> _Provided material_:
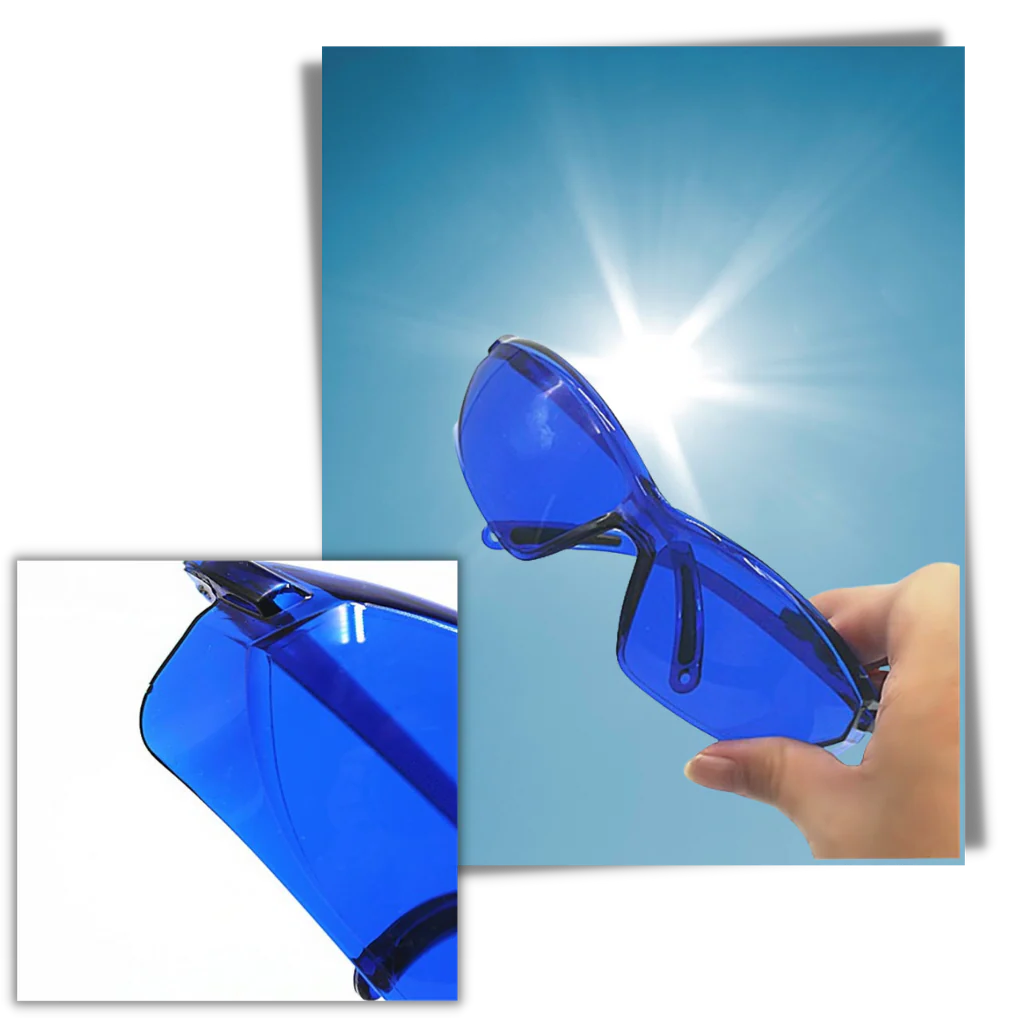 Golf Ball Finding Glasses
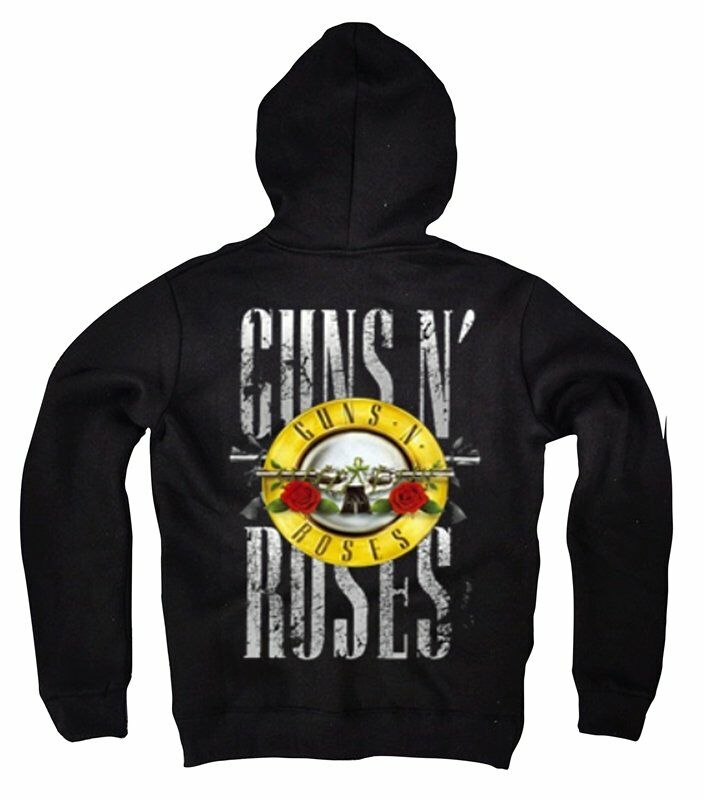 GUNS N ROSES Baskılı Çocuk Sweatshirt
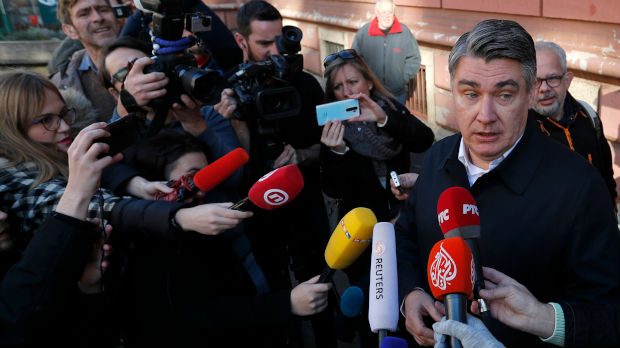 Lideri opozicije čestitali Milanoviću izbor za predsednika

> _The problem_:
Retype all of the material above precisely as it reads. Pictures are not part of the copy.

> _Answer to this exercise_:
 Golf Ball Finding Glasses
 GUNS N ROSES Baskılı Çocuk Sweatshirt
 Lideri opozicije čestitali Milanoviću izbor za predsednika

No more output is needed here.